• SUPPLIED MATERIAL

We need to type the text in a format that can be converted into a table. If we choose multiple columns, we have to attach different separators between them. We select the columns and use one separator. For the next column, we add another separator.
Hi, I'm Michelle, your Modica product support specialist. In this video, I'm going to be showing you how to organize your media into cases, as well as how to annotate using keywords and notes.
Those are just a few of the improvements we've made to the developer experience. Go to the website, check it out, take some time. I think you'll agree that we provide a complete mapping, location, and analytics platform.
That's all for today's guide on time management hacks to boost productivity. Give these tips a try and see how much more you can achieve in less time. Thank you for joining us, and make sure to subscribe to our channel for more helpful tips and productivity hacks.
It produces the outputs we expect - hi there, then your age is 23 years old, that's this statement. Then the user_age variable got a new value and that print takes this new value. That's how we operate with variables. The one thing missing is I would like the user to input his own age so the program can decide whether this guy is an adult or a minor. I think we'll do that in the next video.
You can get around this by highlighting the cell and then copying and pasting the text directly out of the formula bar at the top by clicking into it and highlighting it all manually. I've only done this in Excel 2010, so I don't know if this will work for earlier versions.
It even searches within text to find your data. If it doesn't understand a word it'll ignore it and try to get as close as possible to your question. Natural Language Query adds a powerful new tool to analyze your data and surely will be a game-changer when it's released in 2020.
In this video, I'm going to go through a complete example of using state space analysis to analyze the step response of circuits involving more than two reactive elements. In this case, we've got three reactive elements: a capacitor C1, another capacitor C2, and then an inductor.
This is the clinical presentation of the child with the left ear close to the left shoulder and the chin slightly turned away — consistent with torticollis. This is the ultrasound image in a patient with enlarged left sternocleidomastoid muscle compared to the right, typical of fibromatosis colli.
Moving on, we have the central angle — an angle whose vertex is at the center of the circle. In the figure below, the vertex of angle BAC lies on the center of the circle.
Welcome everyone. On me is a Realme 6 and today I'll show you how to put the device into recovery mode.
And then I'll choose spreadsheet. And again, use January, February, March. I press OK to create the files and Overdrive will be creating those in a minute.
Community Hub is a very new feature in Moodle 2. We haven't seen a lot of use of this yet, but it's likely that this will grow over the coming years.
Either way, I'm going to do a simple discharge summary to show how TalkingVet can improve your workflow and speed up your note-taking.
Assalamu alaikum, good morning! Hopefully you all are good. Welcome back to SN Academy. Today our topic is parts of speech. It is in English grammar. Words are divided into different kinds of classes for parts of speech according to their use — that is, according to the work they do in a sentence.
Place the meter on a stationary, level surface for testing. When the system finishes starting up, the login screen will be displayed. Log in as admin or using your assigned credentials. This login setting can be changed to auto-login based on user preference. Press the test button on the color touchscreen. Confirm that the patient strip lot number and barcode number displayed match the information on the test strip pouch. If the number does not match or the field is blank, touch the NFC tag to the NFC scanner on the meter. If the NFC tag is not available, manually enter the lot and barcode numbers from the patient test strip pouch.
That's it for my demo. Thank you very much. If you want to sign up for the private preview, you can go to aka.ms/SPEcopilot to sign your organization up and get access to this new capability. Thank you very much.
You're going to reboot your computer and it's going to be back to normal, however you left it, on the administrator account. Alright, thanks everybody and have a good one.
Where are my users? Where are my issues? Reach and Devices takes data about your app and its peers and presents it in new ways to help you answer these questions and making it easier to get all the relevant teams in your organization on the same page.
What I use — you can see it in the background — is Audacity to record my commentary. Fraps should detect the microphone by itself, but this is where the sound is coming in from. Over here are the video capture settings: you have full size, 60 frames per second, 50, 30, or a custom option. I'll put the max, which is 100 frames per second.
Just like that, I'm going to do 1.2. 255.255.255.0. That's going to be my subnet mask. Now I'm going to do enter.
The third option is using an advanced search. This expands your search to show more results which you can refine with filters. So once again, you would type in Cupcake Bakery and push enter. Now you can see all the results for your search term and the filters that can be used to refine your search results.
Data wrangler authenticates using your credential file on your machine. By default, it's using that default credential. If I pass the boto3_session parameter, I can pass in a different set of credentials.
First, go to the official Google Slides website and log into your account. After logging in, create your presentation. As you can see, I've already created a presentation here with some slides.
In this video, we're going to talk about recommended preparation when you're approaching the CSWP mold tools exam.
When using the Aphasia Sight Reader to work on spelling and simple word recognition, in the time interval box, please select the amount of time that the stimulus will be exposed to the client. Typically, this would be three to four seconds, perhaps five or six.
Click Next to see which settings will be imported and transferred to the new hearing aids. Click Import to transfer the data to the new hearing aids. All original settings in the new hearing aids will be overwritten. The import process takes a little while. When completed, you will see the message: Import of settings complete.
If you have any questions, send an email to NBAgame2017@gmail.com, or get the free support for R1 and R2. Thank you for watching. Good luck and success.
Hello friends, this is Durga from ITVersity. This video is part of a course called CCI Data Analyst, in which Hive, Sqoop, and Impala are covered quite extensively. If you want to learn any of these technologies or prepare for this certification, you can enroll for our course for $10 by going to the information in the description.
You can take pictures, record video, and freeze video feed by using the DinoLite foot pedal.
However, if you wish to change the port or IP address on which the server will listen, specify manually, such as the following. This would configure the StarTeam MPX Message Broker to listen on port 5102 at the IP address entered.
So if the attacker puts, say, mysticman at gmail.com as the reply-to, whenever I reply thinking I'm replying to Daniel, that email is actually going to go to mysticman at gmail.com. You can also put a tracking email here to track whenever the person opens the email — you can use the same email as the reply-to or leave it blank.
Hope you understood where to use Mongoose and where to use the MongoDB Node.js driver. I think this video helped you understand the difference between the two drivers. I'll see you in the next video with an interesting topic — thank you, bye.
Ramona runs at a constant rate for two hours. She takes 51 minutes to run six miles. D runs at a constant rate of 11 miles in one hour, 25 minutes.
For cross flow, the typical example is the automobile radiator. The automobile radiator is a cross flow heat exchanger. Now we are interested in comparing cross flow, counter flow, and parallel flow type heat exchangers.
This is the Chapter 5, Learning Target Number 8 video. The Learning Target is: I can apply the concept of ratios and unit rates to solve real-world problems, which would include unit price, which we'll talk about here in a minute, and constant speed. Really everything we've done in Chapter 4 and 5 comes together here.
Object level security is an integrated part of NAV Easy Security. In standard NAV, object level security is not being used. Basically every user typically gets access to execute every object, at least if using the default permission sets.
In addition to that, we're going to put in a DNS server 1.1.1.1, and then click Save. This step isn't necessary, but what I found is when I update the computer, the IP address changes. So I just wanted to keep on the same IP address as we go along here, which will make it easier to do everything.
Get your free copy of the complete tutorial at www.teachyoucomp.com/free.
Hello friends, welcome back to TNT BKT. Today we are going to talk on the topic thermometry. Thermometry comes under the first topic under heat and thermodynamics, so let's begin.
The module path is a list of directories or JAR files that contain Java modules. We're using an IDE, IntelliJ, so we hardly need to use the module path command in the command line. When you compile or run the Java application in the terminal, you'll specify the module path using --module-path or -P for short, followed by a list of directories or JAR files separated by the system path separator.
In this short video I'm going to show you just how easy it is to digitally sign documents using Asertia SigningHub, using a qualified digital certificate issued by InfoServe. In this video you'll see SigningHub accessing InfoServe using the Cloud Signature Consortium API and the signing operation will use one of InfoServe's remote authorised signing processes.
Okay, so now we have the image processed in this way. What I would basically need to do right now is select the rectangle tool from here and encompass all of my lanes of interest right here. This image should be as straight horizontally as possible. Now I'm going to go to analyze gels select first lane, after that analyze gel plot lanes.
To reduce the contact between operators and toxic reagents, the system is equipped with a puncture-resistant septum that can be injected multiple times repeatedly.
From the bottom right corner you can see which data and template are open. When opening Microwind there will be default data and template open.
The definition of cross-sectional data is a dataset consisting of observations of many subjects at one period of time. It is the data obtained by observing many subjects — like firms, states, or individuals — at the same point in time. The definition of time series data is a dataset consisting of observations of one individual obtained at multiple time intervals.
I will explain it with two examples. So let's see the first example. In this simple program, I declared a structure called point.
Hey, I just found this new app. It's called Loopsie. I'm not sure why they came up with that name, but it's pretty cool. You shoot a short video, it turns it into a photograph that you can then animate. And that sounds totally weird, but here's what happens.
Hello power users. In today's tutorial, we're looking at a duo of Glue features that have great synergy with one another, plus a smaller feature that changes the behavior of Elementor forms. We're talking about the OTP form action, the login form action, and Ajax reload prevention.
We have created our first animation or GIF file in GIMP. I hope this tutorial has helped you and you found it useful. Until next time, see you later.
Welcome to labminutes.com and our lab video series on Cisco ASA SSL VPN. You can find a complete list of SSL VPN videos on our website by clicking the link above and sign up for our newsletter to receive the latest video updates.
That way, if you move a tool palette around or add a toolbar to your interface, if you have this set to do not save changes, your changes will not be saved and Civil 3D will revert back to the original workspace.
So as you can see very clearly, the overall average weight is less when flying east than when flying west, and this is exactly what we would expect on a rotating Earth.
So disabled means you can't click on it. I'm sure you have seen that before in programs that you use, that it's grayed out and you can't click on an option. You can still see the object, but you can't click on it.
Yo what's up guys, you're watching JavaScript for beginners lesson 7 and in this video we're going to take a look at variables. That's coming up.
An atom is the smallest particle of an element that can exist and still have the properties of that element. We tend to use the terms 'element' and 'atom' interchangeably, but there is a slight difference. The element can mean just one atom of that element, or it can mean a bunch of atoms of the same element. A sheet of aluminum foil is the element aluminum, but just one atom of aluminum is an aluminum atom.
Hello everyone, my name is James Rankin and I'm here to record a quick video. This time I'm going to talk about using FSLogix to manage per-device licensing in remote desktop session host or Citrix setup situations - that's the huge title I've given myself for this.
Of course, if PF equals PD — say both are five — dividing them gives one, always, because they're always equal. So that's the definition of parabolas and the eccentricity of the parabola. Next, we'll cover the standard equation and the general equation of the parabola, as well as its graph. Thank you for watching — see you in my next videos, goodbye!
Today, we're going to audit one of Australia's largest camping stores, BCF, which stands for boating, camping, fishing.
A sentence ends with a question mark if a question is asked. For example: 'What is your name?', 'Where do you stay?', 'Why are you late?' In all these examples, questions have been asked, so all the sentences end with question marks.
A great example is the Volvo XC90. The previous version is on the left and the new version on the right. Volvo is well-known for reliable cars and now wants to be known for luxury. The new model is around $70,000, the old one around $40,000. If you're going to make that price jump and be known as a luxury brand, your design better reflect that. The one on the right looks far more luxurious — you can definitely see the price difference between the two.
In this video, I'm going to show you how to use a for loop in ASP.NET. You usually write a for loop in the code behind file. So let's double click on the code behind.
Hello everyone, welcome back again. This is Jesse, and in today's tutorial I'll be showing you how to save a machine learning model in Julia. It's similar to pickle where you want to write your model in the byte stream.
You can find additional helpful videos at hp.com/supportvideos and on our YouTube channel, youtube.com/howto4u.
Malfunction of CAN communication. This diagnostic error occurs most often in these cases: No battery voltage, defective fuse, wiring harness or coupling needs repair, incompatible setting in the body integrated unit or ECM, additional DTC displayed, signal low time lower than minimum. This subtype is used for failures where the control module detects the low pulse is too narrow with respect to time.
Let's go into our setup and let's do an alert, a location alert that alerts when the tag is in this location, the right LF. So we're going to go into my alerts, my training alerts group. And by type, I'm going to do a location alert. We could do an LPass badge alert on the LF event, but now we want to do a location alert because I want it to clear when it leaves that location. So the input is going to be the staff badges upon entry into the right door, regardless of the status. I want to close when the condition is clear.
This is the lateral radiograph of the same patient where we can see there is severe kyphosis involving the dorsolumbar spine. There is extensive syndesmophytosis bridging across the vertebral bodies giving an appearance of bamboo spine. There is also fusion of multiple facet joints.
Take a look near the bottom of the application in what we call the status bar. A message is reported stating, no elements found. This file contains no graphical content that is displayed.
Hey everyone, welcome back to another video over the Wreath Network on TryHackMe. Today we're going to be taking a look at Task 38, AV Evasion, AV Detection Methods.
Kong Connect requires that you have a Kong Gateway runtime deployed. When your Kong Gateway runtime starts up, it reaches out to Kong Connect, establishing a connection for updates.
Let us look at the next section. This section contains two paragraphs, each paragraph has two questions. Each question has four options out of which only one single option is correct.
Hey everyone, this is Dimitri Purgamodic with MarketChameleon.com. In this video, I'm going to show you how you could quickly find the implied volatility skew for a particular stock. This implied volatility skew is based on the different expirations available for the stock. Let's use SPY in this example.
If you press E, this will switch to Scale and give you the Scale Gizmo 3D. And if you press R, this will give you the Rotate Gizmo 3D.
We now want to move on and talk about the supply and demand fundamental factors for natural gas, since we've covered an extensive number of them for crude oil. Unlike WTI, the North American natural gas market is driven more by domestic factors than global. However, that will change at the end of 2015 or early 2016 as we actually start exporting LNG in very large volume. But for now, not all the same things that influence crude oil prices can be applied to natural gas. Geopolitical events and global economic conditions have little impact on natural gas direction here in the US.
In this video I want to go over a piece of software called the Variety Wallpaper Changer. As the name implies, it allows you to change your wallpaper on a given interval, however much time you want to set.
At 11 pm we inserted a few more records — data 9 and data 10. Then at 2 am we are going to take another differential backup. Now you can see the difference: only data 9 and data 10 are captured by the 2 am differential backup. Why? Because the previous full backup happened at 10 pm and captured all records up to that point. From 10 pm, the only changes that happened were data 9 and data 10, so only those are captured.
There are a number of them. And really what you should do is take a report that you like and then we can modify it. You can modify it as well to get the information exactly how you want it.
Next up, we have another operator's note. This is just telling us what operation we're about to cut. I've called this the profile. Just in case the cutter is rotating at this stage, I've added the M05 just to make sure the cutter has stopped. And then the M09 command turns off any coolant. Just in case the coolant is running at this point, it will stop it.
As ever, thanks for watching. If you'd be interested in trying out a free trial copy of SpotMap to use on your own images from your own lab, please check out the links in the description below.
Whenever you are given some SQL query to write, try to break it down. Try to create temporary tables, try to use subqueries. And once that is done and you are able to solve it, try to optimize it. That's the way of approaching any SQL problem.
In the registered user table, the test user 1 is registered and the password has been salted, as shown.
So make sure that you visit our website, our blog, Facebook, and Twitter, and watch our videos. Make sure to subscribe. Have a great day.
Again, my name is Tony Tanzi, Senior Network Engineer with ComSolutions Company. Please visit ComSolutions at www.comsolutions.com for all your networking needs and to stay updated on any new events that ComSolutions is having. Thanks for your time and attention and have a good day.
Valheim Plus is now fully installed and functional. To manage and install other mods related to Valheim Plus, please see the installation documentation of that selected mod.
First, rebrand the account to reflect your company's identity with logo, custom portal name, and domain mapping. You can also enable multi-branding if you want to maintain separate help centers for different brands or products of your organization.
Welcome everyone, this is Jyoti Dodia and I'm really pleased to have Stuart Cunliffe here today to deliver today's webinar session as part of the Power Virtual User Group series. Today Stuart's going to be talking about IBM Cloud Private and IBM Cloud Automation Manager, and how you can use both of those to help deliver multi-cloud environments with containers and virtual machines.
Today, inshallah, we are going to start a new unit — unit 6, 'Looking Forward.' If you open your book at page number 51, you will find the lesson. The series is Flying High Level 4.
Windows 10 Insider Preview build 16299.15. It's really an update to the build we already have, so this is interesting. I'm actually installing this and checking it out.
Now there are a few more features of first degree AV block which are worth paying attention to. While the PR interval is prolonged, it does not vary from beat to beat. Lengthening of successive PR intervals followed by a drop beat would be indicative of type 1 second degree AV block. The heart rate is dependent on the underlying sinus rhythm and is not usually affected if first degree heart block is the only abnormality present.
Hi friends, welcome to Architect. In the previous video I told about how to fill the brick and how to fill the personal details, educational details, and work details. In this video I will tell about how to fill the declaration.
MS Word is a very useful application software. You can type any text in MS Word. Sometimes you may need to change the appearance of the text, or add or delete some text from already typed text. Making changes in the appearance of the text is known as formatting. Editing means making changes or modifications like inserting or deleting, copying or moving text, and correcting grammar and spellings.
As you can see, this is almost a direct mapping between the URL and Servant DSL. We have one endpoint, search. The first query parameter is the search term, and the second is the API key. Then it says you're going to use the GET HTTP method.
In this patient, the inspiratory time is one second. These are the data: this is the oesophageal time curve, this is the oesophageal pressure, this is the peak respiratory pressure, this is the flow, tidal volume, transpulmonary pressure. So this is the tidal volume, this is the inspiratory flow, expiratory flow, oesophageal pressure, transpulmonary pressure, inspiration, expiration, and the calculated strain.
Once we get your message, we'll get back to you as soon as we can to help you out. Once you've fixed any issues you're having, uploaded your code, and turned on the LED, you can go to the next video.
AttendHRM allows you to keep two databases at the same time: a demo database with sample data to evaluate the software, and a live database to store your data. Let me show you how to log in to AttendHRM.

• EXERCISE AIM
Look through the material above and print exactly the lines from the one containing "In this short" to the one containing "From the bottom", both included, and nothing more.

• COMPLETED EXERCISE
In this short video I'm going to show you just how easy it is to digitally sign documents using Asertia SigningHub, using a qualified digital certificate issued by InfoServe. In this video you'll see SigningHub accessing InfoServe using the Cloud Signature Consortium API and the signing operation will use one of InfoServe's remote authorised signing processes.
Okay, so now we have the image processed in this way. What I would basically need to do right now is select the rectangle tool from here and encompass all of my lanes of interest right here. This image should be as straight horizontally as possible. Now I'm going to go to analyze gels select first lane, after that analyze gel plot lanes.
To reduce the contact between operators and toxic reagents, the system is equipped with a puncture-resistant septum that can be injected multiple times repeatedly.
From the bottom right corner you can see which data and template are open. When opening Microwind there will be default data and template open.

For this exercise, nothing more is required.